İtalya ‘nın bir başka şehri olan Napoli gezimize, buraya geliş amacımız olan Pompei ile başlıyoruz. Merkez tren istasyonunda (Garibaldi) hemen alt kata inip, Circumvesuviana banliyö hattına ulaşmak için tabelalarını takip edin, böylece Pompei’ye giden trene ulaşacaksınız, girişteki gişeden biletinizi alabilirsiniz, yaklaşık 40 dakika süren yolculuk sonunda Pompei durağında inip, yürümeye başlıyoruz. Bu yol üzerinde bir çok tur şirketi size Pompei turu satmaya çalışacaktır. Biz tercih etmedik ancak, daha ayrıntılı bir gezi ve rehberlik hizmeti isteyenler tur satın alabilir. Yine yol üstünde vitrinindeki tatlılara hayran kalıp girdiğimiz ve sonradan çok meşhur olduğunu öğrendiğimiz “De Vivo Pasticceria dal 1955” adlı pastaneden tatlı ve dondurma yemeden dönmeyin.
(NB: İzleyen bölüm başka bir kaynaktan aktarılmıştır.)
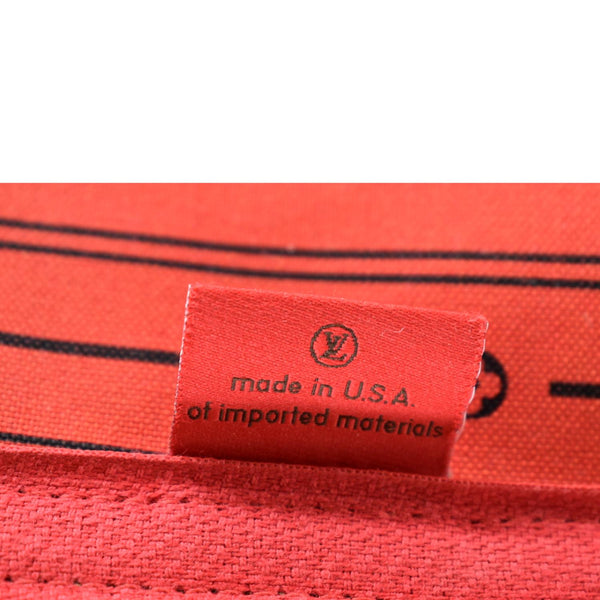 LOUIS VUITTON Neverfull MM Damier Ebene Tote Bag Brown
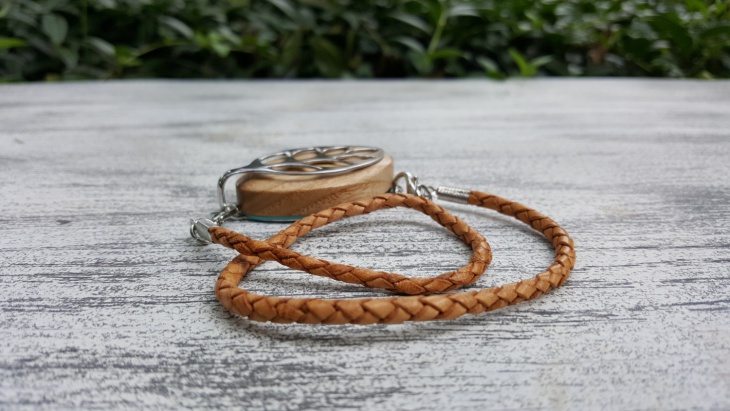 leather braided bracelet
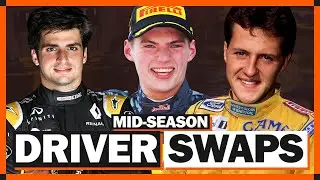 7 Craziest Mid-Season F1 Driver Swaps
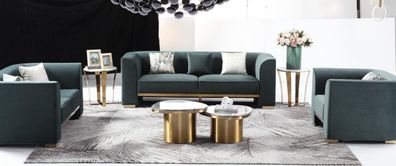 Sofagarnitur 321 Sitzer Set 2x Beistelltisch 2x Couchtisch Luxus Möbel 7tlg. Neu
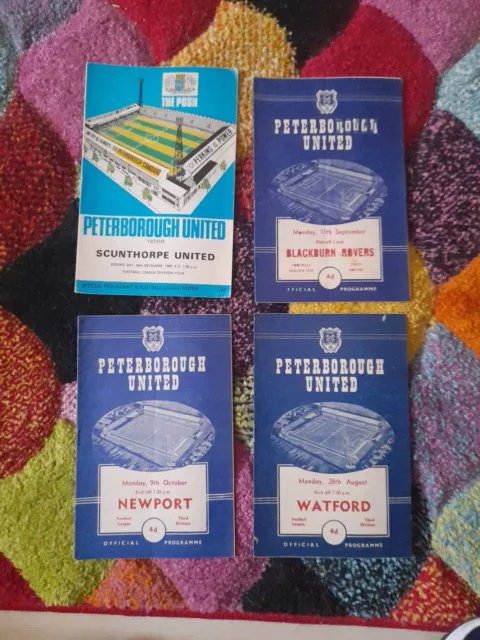 Peterborough Utd football programmes x 16 from the 1960s 1970s @ 1980s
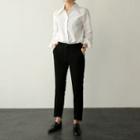 Dip-back Dress Pants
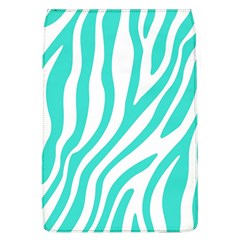 Blue Zebra Vibes Animal Print   Removable Flap Cover (l) by ConteMonfrey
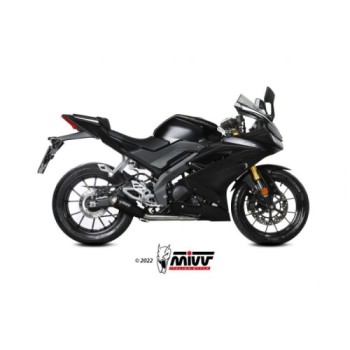 escape completo mivv 1x1 x m1 black yamaha mt 125 2020 24 yzf r125 2019 24 y 067 lc4b 2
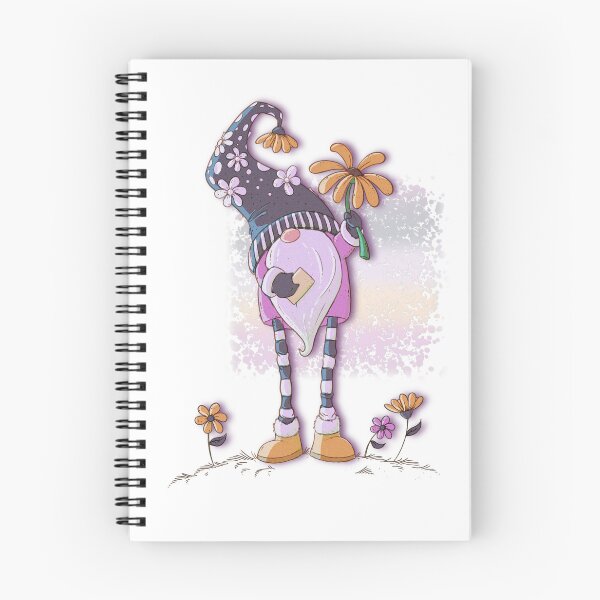 Item preview, Gnome with flower designed and sold by leehollandart.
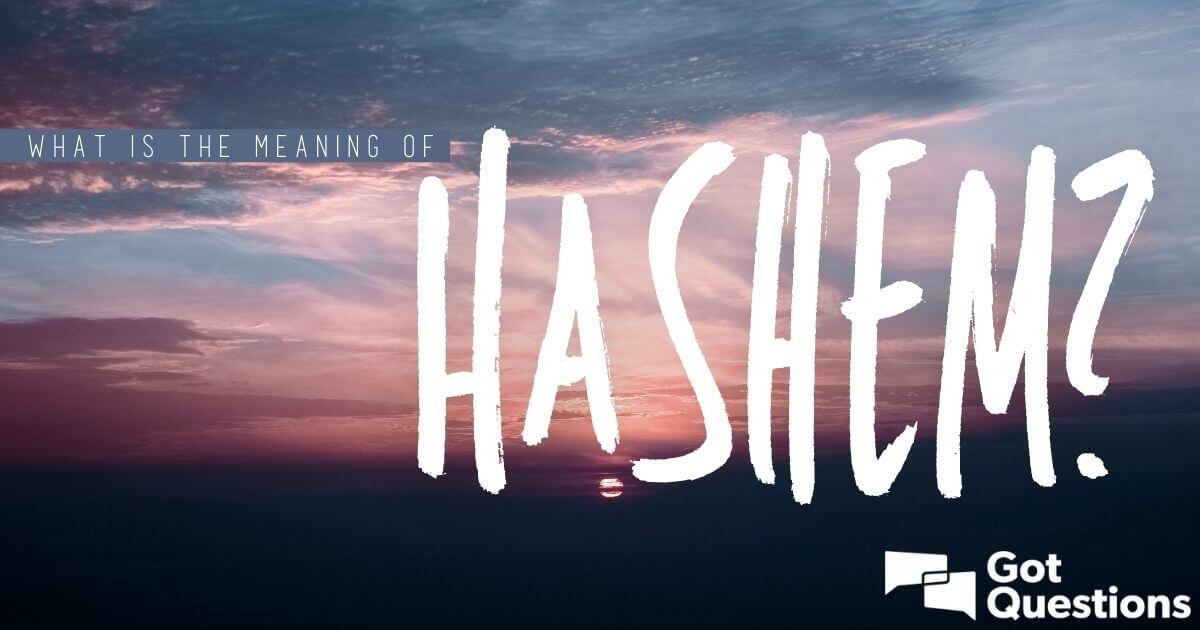 What Does Baruch Hashem Mean In English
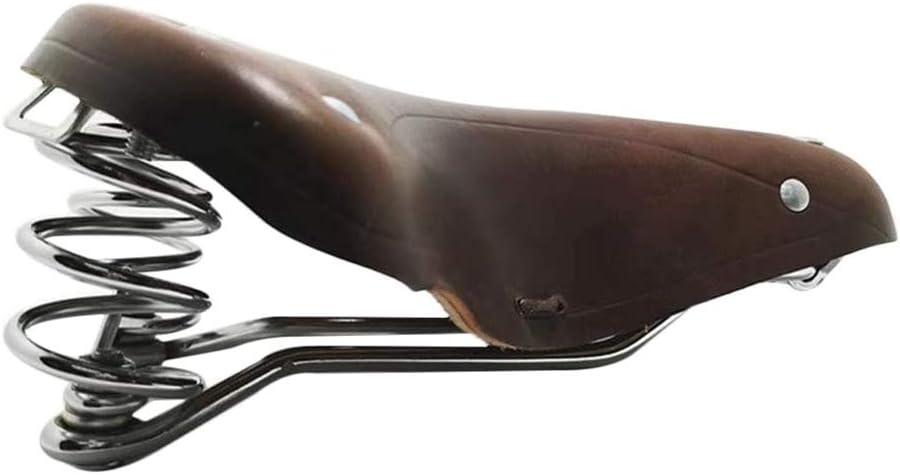 UNISTRENGH English Vintage Bicycle Saddle Touring City Saddle Comfortable Comfort Leather Bicycle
Pompei Antik Kentine Giriş

Pompei Antik Kenti giriş ücreti olarak kişi başı 13 € ödeyip, içeri giriyoruz, oldukça geniş bir alanı kaplayan bu şehri, Mayıs ayında gittiğimiz için güneş altında yine bolca yürüyerek gezdik. Yanınıza su mataralarınızı almayı unutmayın, antik kent içerisindeki çeşmelerden doldurup içebilirsiniz,  böylece suya para vermemiş olursunuz. Acıkırsanız yine alanın içerisinde yer alan restoranda bir şeyler atıştırabilirsiniz, çünkü burayı gezmek bayağı bir vaktinizi alacak. Büyülenmiş bir şekilde Pompei gezimizin sonuna geldik ve geldiğimiz yoldan Napoli’ye döndük.

Taşlaşmış bir çocuk

Pompei

 

 

Pompei Antik Kenti

Napoli denince akla şüphesiz ki pizzaları geliyor. Napoli’ de nerede pizza yediysek beğendik, ancak en meşhur yeri L’antica Pizzeria da Michele, kapısının önü öyle kalabalıktı ki, o kadar  beklemeyi göze almadık ve biz pizzamızı Trianon’da yedik ki gerçekten çok iyiydi, fiyatlar da gayet uygun 4-8 euro arasında değişiyor çeşide göre.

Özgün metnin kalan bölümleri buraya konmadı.